I really want to apply for Maths, and I've looked around abit and people say that work experiance and jobs in that area can help for your personal statement. I'm really not sure what to put in it, I dont do loads of stuff so can anyone give me any ideas that look good on applications?
Reply 1
To be honest maths is a hard subject to get work experience for. Ive got an offer from Cam and I havent got any. Having said that, you want to be reading alot of books. Stuff that is extracurricular
Reply 2
Original post by Cephalus
To be honest maths is a hard subject to get work experience for. Ive got an offer from Cam and I havent got any. Having said that, you want to be reading alot of books. Stuff that is extracurricular


What? Just reading alot in general, or reading in depth into the subect? stupid question, but oh well.
Personally, for a personal statement the most important thing is to just read 1 or 2 really stand out books.

There isn't much room on your personal statement so there is no point in reading 10 quite good maths books because there just isn't room to write about them all.

What i did is found a book that i might be reading in my first year at university and read that, then wrote about what i learned, what was interesting...etc.
Are you applying to a top 20 (if you believe league tables) university? I got told they usually don't care about that sort of stuff as long as you have good predicted grades. I didn't write much about work experience from what I remember, just make it sound like you're enthusiastic about maths (ie don't say you want to do maths to get a good job.) And then fill the rest up with examples and attributes that show you would be an asset to the course (focused, will revise as much as neccessary, etc.) If you have read books on maths then write about that, but if you haven't don't read one for the sake of it, it'll sound fake when you write about it in the statement.
Reply 5
Original post by HypErTwisT
What? Just reading alot in general, or reading in depth into the subect? stupid question, but oh well.


I would recommend reading more around the maths that you study at AS/A2.
Reply 6
Wouldn't bother with work experience. If you've done stuff like maths challenges, they'd be worth mentioning.
Reply 7
Original post by Cephalus
I would recommend reading more around the maths that you study at AS/A2.

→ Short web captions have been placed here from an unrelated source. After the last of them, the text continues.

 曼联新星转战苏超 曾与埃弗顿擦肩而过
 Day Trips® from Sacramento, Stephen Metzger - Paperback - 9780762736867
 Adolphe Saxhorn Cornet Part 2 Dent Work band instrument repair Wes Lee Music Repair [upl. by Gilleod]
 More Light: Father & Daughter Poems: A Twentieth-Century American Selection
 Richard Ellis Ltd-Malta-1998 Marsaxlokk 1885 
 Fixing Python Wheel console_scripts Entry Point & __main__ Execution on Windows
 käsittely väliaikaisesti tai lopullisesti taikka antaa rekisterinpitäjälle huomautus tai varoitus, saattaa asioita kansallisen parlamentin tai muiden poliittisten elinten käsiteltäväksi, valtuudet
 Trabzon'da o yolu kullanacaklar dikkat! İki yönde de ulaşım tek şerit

so...basically just learn what I have to learn?
I appear to be getting conflicting statements from people, I do obviously have an interest in maths so reading more into it does appeal to me abit. Or would I be better just getting the best grades I can?
Now I have all summer, I'm sure I could read a couple of books, but would that be better time spend learning our course?
Reply 8
ok I would say: learn what you have to learn. Then look at some STEP papers which will give you alot more depth at A2 maths than A level.
Reply 9
Original post by Cephalus
ok I would say: learn what you have to learn. Then look at some STEP papers which will give you alot more depth at A2 maths than A level.


Ah, ok cool, thats good becasue one of my teachers is running some step challenge type thing after summer, was considering doing that and this has confirmed it.
Reply 10
Maths personal statements are tricky - a lot of the general advice doesn't really apply very well. For maths, most places really are only going to care about whether you're good at it - but they'll care about the thinking logically and problem solving skills more than A level type following a method you learnt off by heart. I'm doing Maths at Cambridge - applied with no work experience, no particular books, but I'd done a lot of the maths challenges and olympiads and talked about that sort of thing.